_Your task_
Which lines in the records below contain the word "Black"? Return each of them.

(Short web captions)
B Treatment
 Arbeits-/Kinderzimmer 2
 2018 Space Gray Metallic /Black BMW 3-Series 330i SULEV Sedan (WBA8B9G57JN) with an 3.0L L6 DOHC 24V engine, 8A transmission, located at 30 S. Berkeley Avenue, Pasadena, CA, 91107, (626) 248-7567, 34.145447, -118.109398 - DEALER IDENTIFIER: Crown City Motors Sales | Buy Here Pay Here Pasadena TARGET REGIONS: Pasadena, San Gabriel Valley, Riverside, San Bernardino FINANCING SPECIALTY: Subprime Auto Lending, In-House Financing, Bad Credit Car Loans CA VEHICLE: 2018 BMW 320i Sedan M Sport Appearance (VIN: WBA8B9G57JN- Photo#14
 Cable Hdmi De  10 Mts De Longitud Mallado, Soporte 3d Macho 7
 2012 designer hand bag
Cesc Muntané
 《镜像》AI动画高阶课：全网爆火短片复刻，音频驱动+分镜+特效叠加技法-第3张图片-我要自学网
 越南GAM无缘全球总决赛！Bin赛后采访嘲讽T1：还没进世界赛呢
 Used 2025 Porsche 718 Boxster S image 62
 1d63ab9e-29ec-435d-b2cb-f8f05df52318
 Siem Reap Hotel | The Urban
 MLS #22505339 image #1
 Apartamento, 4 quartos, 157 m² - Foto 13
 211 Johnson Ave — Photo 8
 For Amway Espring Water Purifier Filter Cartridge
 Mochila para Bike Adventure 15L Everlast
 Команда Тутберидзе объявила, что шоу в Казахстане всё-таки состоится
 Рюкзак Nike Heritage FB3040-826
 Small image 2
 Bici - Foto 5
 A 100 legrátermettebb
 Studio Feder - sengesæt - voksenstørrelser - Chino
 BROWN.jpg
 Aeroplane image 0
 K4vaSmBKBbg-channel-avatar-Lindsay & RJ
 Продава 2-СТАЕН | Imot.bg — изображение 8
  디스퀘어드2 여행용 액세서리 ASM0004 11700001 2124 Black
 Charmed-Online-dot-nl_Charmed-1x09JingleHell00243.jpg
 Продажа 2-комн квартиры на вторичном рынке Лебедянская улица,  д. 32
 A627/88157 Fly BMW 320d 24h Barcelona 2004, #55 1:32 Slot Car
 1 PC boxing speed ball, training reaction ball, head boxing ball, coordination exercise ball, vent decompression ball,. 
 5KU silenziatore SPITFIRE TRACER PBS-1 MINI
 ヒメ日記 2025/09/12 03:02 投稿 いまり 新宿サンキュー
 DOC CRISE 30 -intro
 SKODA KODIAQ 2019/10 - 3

_Written response_
 2018 Space Gray Metallic /Black BMW 3-Series 330i SULEV Sedan (WBA8B9G57JN) with an 3.0L L6 DOHC 24V engine, 8A transmission, located at 30 S. Berkeley Avenue, Pasadena, CA, 91107, (626) 248-7567, 34.145447, -118.109398 - DEALER IDENTIFIER: Crown City Motors Sales | Buy Here Pay Here Pasadena TARGET REGIONS: Pasadena, San Gabriel Valley, Riverside, San Bernardino FINANCING SPECIALTY: Subprime Auto Lending, In-House Financing, Bad Credit Car Loans CA VEHICLE: 2018 BMW 320i Sedan M Sport Appearance (VIN: WBA8B9G57JN- Photo#14
  디스퀘어드2 여행용 액세서리 ASM0004 11700001 2124 Black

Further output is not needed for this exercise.